On Tuesday, Trump announced the new chief of the Consumer Financial Protection Bureau (CFPB), the consumer watchdog agency created in response to the 2008 financial crisis: Jonathan McKernan, a former banking regulator who’s pushed to approve bank megamergers that harm consumers and that the CFPB has actively fought to prevent.
Meanwhile, Trump and his cronies are freezing the agency’s operations and threatening to cut off its funding. As workers remain shut out of their offices, McKernan will now helm the agency — or what’s left of it.
During his recent tenure on the board of the Federal Deposit Insurance Corporation (FDIC), which insures and regulates banks, McKernan pushed regulators to more quickly approve bank mergers and voted against a landmark measure increasing scrutiny of massive bank consolidations and adding new protections for bank customers.
In March 2024, McKernan voiced his opposition to an early version of those protections: “I opposed [the policy] because it appeared to reflect a bias against bank mergers,” he explained in a later public statement.
Bank megamergers, research has found, lead to higher fees and higher minimum balance requirements for consumers. These consolidated banks also are more likely to fail, federal regulators argue, harming their customers and potentially setting off a broader economic tailspin. Lower competition among big banks can also decrease small-business lending and harm economic development.
Rohit Chopra, McKernan’s CFPB predecessor, supported the bank merger reform measure, which was enacted last September. Past regulators, Chopra has said, “completely defied” mandates to oversee banking mergers, “giving banks free rein to merge and concentrate resources in a few big cities” and enabling Wall Street to take advantage of consumers.

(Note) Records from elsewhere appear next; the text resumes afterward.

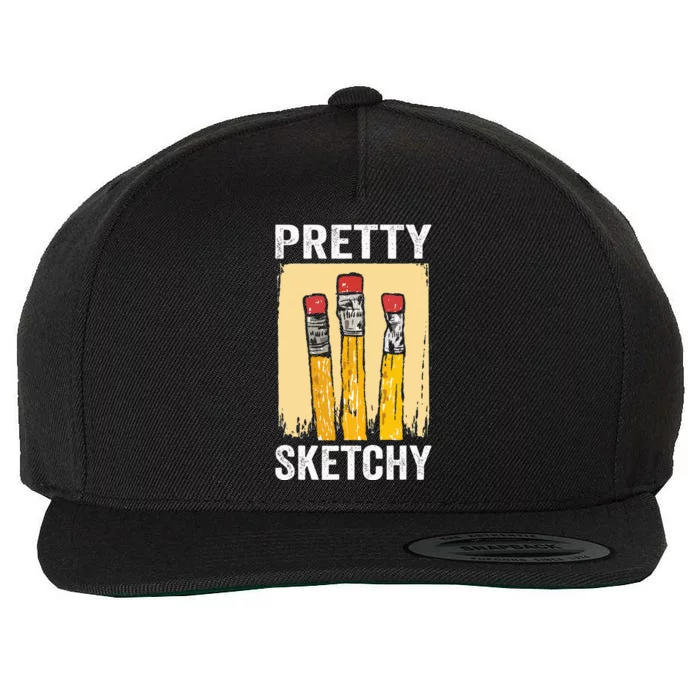 Pretty Sketchy Artist Pencils Sketch Sketching Paint Artist Wool Snapback Cap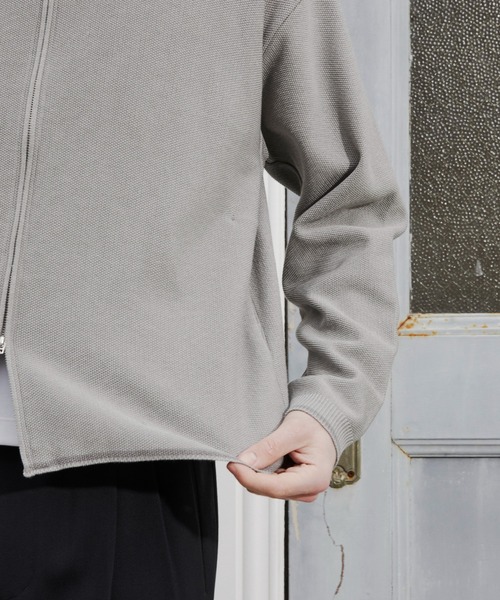 PUBLIC TOKYO(パブリックトウキョウ)の「ジップアップクルーネックカーデ /ウォッシャブル/ニット/セーター/カーディガン(カーディガン/ボレロ・メンズ・ライトグレー/ブラック・1/2)」の8枚目の写真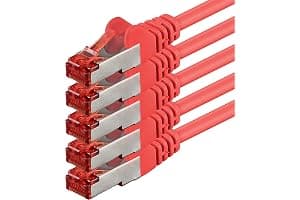 1aTTack - Cable de red SFTP PIMF con 2 conectores RJ45 de doble apantallamiento CAT 6 0 Rojo - 5 piezas 2m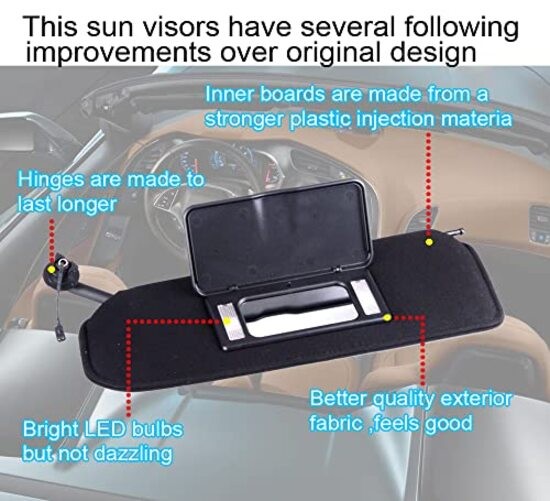 Automotive Sun Visors with Updated Vanity Lights LED Bulb Compatible for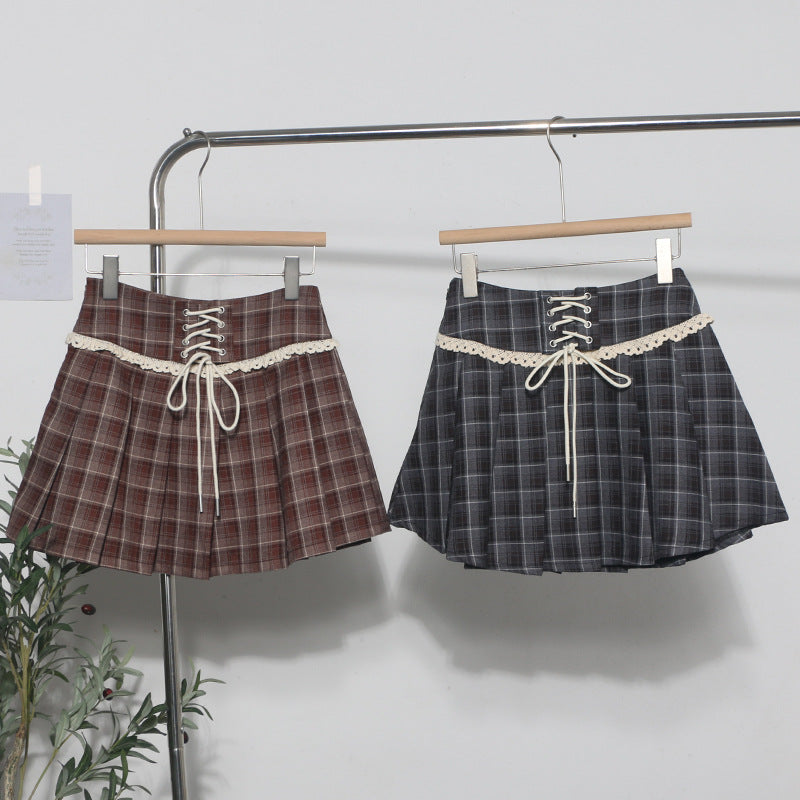 Checkered Midi Skirt with Women's Lace Edge Decoration and Lace-Up Detail, Pleated Short Skirt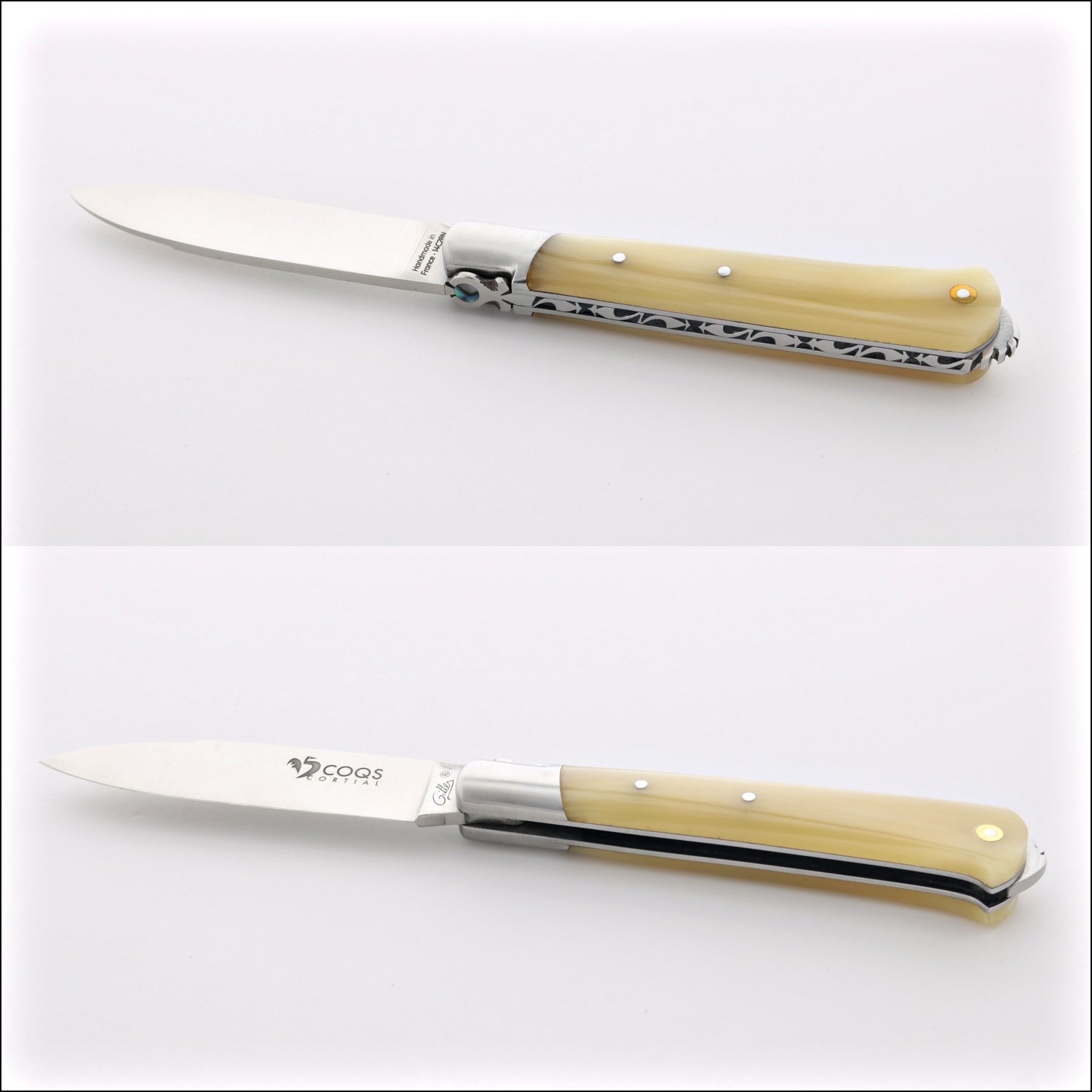 5 Coqs Pocket Knife - Horn Tip & Mother of Pearl Inlay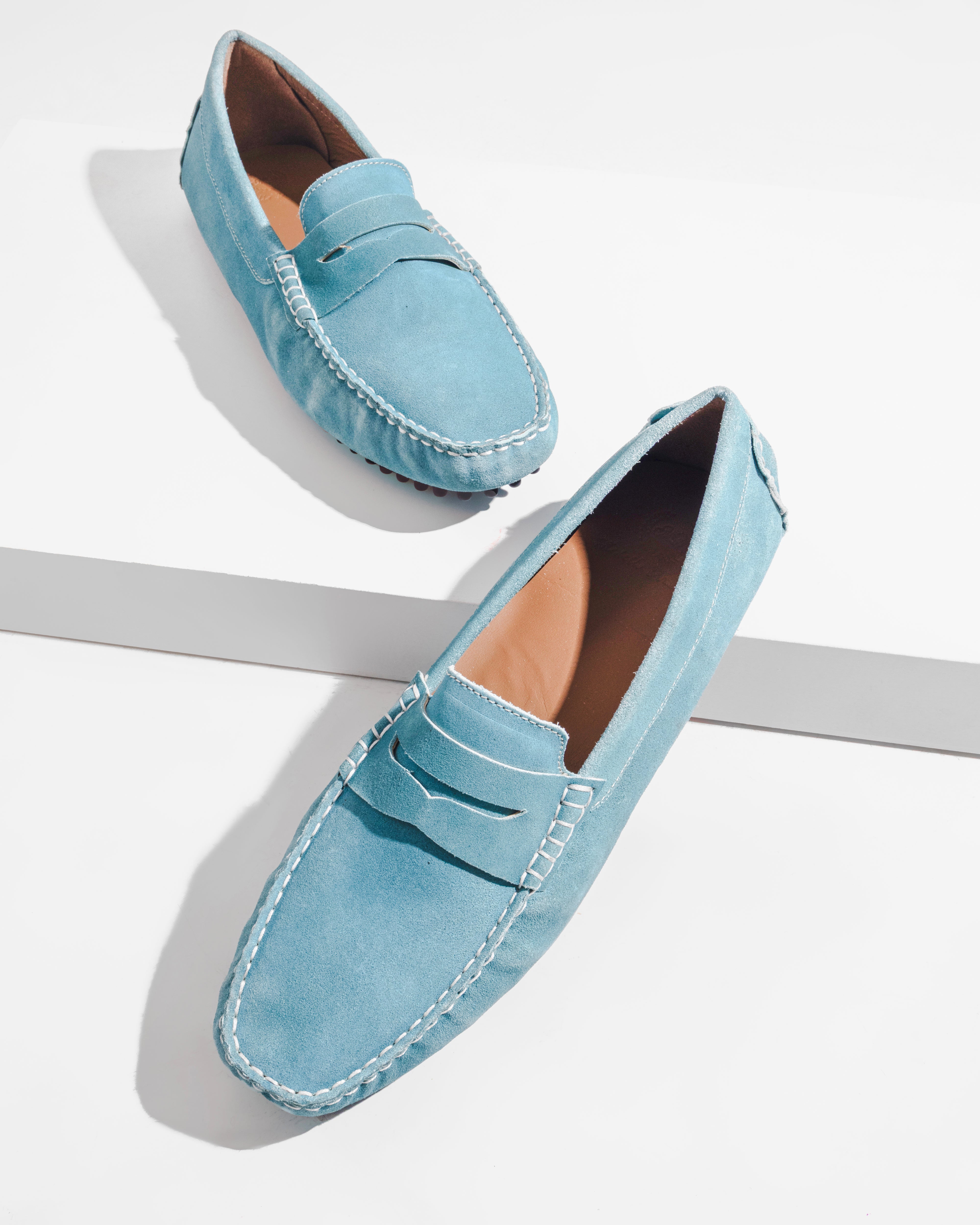 Gommino Suede Penny Loafers (Sky Blue)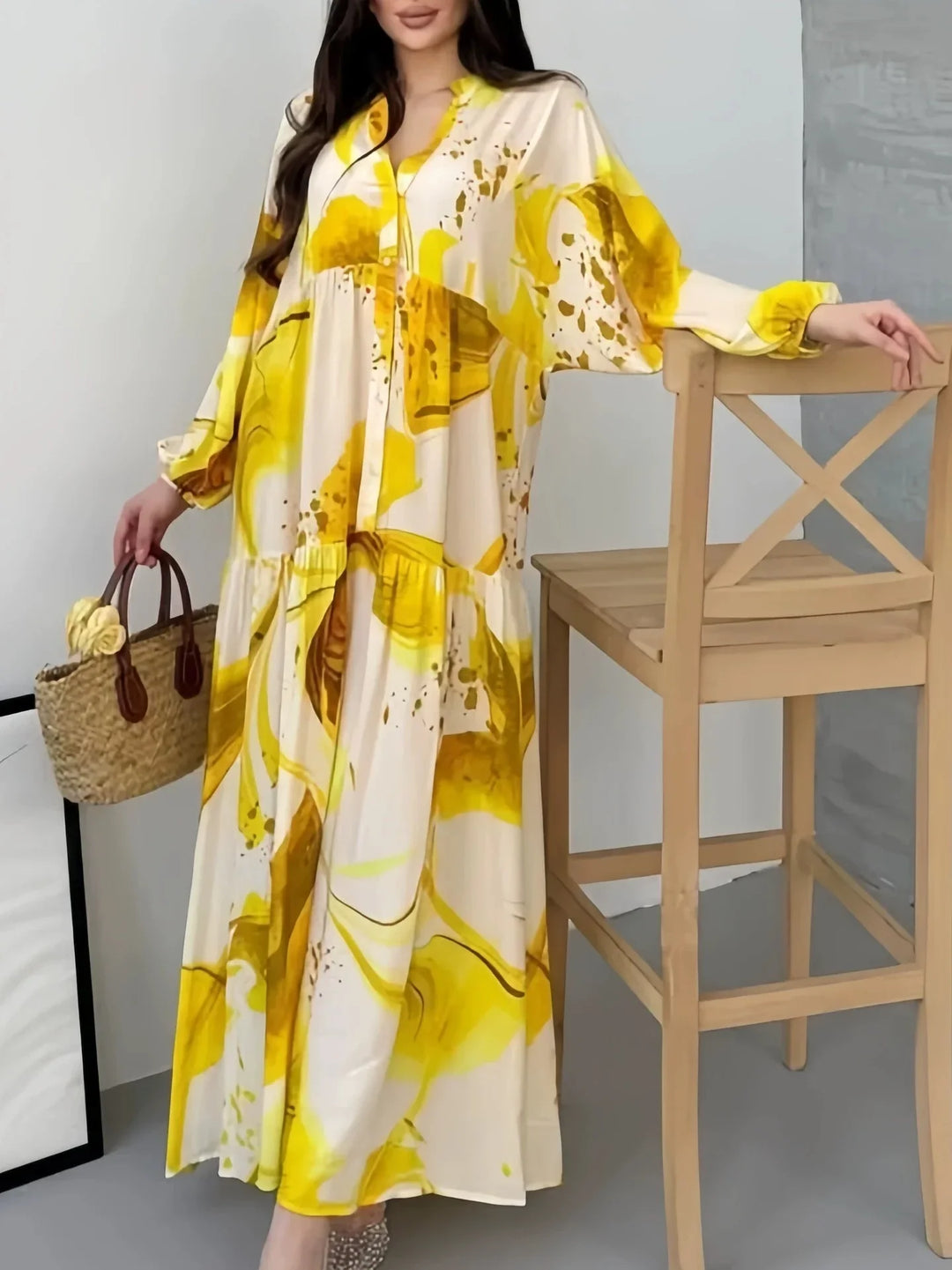 Vesperine Elegant Bohemian Floral V Neck Maxi Dress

While Chopra’s big bank crackdowns led JPMorgan Chase’s CEO to promise a “knife fight” with the consumer watchdog agency, the banking lobby feels differently about McKernan. On Wednesday, the American Banking Association, the industry’s primary lobbying arm, released a statement saying that the organization was “hopeful that McKernan’s nomination marks an important turning point for the Bureau.”